We talked in a previous article of the service mesh which aims to provide a centralized control plane for the network flows. And we’ve seen that in the initiative of standard, we had some specific traffic control object which included authentication feature.
apiVersion: access.smi-spec.io/v1alpha4
kind: IdentityBinding
metadata:
name: service-a
namespace: default
spec:
schemes:
podLabelSelector:
matchLabels:
app: service-a
spiffeIdentities:
- "cluster.local/ns/default/sa/service-a"
- "federated.trustdomain/boundary/boundaryName/identifierType/identifier"
serviceAccount: service-a
that’s what we will have a look at with Cilium service mesh, and specifically the Identity based security. It’s interesting to have something like that in the infrastructre layer, because it’s not always possible to have authentication included in the applictions layers, specifically when we consider multiservice. At most, unfortunately, we may get authentication on the front end, but not much more. Here, we gt a proposal to add identiy based security.

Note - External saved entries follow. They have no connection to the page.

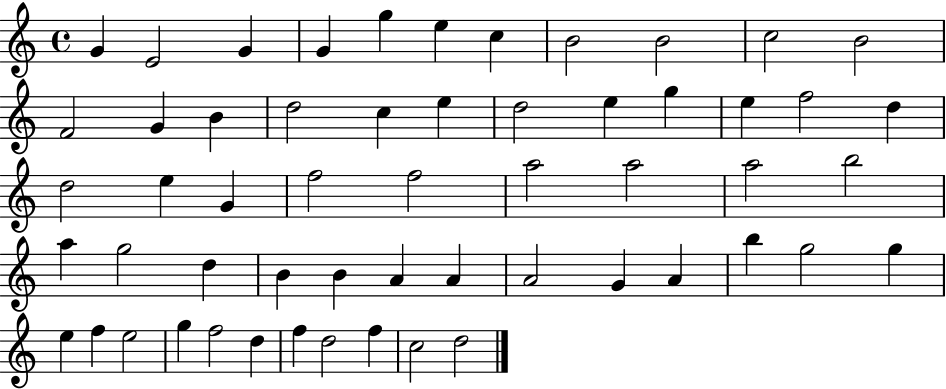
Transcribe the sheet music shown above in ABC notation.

X:1
T:Untitled
M:4/4
L:1/4
K:C
G E2 G G g e c B2 B2 c2 B2 F2 G B d2 c e d2 e g e f2 d d2 e G f2 f2 a2 a2 a2 b2 a g2 d B B A A A2 G A b g2 g e f e2 g f2 d f d2 f c2 d2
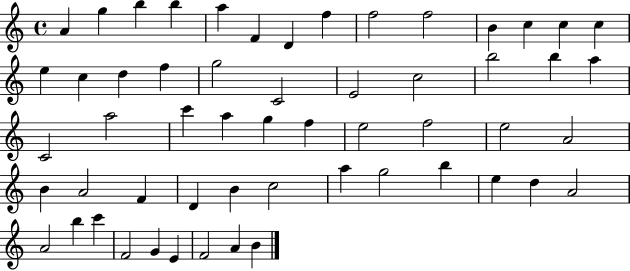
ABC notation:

X:1
T:Untitled
M:4/4
L:1/4
K:C
A g b b a F D f f2 f2 B c c c e c d f g2 C2 E2 c2 b2 b a C2 a2 c' a g f e2 f2 e2 A2 B A2 F D B c2 a g2 b e d A2 A2 b c' F2 G E F2 A B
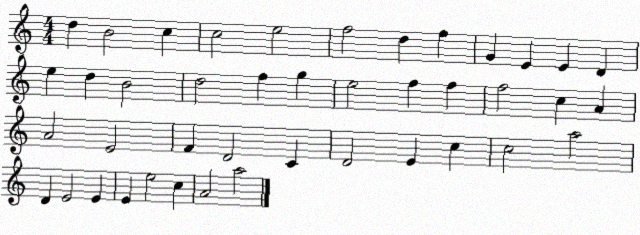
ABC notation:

X:1
T:Untitled
M:4/4
L:1/4
K:C
d B2 c c2 e2 f2 d f G E E D e d B2 d2 f g e2 f f f2 c A A2 E2 F D2 C D2 E c c2 a2 D E2 E E e2 c A2 a2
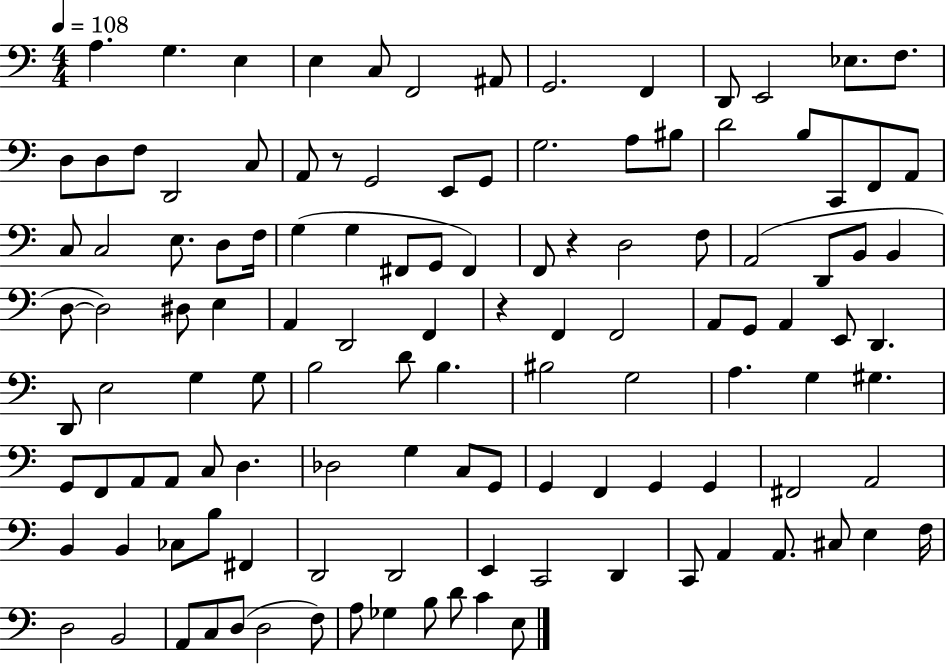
{
  \clef bass
  \numericTimeSignature
  \time 4/4
  \key c \major
  \tempo 4 = 108
  \repeat volta 2 { a4. g4. e4 | e4 c8 f,2 ais,8 | g,2. f,4 | d,8 e,2 ees8. f8. | \break d8 d8 f8 d,2 c8 | a,8 r8 g,2 e,8 g,8 | g2. a8 bis8 | d'2 b8 c,8 f,8 a,8 | \break c8 c2 e8. d8 f16 | g4( g4 fis,8 g,8 fis,4) | f,8 r4 d2 f8 | a,2( d,8 b,8 b,4 | \break d8~~ d2) dis8 e4 | a,4 d,2 f,4 | r4 f,4 f,2 | a,8 g,8 a,4 e,8 d,4. | \break d,8 e2 g4 g8 | b2 d'8 b4. | bis2 g2 | a4. g4 gis4. | \break g,8 f,8 a,8 a,8 c8 d4. | des2 g4 c8 g,8 | g,4 f,4 g,4 g,4 | fis,2 a,2 | \break b,4 b,4 ces8 b8 fis,4 | d,2 d,2 | e,4 c,2 d,4 | c,8 a,4 a,8. cis8 e4 f16 | \break d2 b,2 | a,8 c8 d8( d2 f8) | a8 ges4 b8 d'8 c'4 e8 | } \bar "|."
}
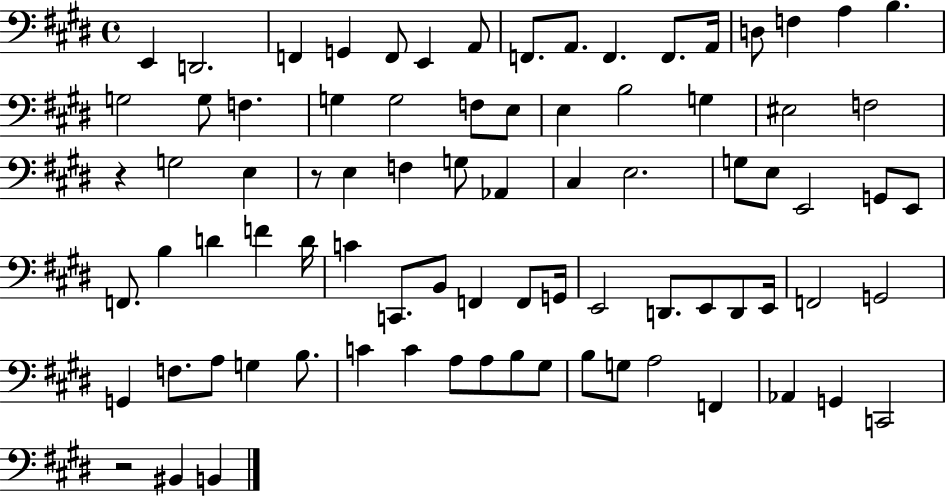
{
  \clef bass
  \time 4/4
  \defaultTimeSignature
  \key e \major
  e,4 d,2. | f,4 g,4 f,8 e,4 a,8 | f,8. a,8. f,4. f,8. a,16 | d8 f4 a4 b4. | \break g2 g8 f4. | g4 g2 f8 e8 | e4 b2 g4 | eis2 f2 | \break r4 g2 e4 | r8 e4 f4 g8 aes,4 | cis4 e2. | g8 e8 e,2 g,8 e,8 | \break f,8. b4 d'4 f'4 d'16 | c'4 c,8. b,8 f,4 f,8 g,16 | e,2 d,8. e,8 d,8 e,16 | f,2 g,2 | \break g,4 f8. a8 g4 b8. | c'4 c'4 a8 a8 b8 gis8 | b8 g8 a2 f,4 | aes,4 g,4 c,2 | \break r2 bis,4 b,4 | \bar "|."
}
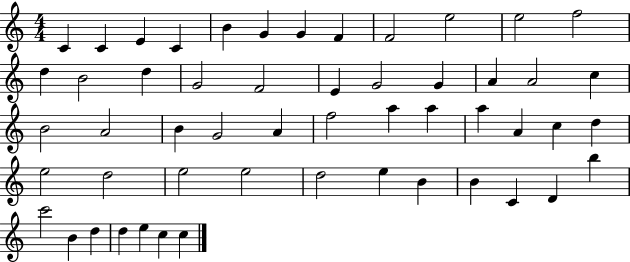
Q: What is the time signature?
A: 4/4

Let’s have a look at how it works.
1.2. What’s under the hood of authentication in Cilium
Authentication means, at one point, Identities. As hinted in the smi spec earlier, and documented in the Cilium doc, the technology used is SPIFFE, which stands for Secure Production Identity Framework For Everyone. It is also a graduated project in the CNCF since August 2022. Spiffe spec are defined on a dedicated github.
At this point we will remains at a high level overview of the SPIFFE standards, as described on the github repo, which is comprised of:
- The SPIFFE ID, a structured string (represented as a URI) which serves as the “name” of an entity.
- The SPIFFE Verifiable Identity Document (SVID) is a document which carries the SPIFFE ID itself. It is the functional equivalent of a passport - a document which is presented that carries the identity of the presenter.
- The Workload API is the method through which workloads, or compute processes, obtain their SVID(s). It is typically exposed locally (eg. via a Unix domain socket), and explicitly does not include an authentication handshake or authenticating token from the workload.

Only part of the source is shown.